Mind you, half the Scottish nation don’t follow football, most of them women voters, who don’t actually think that getting blind drunk, peeing yourself and missing your flight home is a manifestation of national greatness. Owing to a genetic disorder I too find myself curiously unmoved by watching twenty two overpaid men pat about for ninety minutes with only one goal to relieve the boredom. So perhaps Wendy is actually onto a winner in not being on the ball.

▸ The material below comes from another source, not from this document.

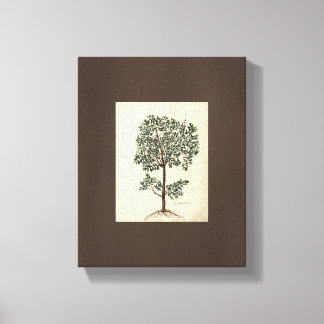 Vintage Art Drawing Botanical Olive Tree Canvas Print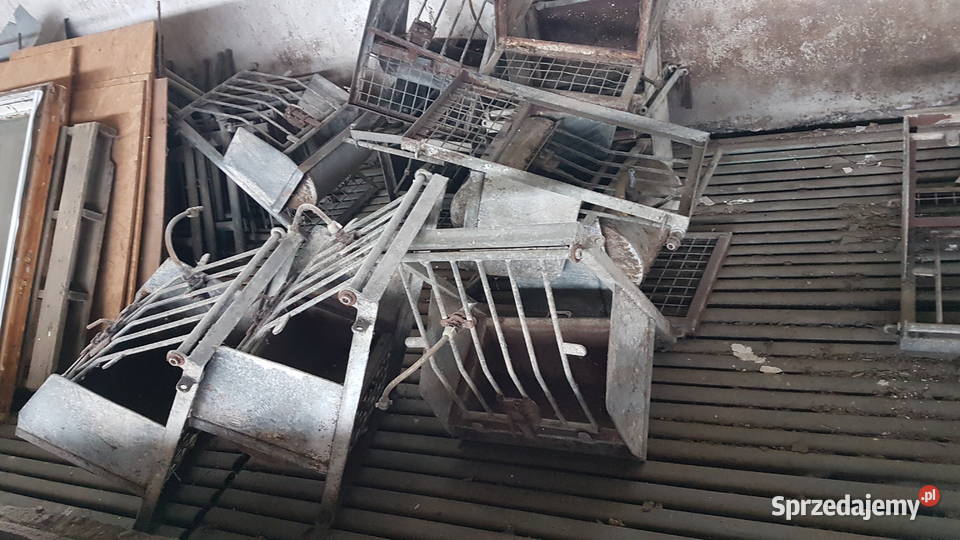 wygrodzenia kojce koryta świń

But the Prime Minister, Gordon Brown, isn’t taking any chances. He took time off from his talks with new best friend Margaret Thatcher, to congratulate Alex Mcleish on his sterling achievement. But Brown has form. Remember the furore when he suggested that he would be supporting England in the 2018 World Cup? His enthusiasm for that Gazza goal against Scotland a his “greatest sporting moment” is believed by some to have been a major factor in Labour’s electoral collapse on May 3rd..
The truth is that football and politics do interact in mysterious ways, especially in small countries asserting their independence from large neighbours. Look at plucky little Lithuania, which emerged from Balkan obscurity to become a significant world player. Then there is smart successful Slovenia, a tiny fragment of former Yugoslavia where football has become a focus of national aspiration.
It’s not clear that small nations necessarily do better at football after independence, but there is no evidence that they do any worse. It’s a game of two halves. However Scotland’s return to form is undoubtedly a gift to the SNP, just at the moment when the post-election euphoria was beginning to wear off. Nationalism and football can be combined to create a sense of national renewal, and Salmond knows just how to do the old one, two.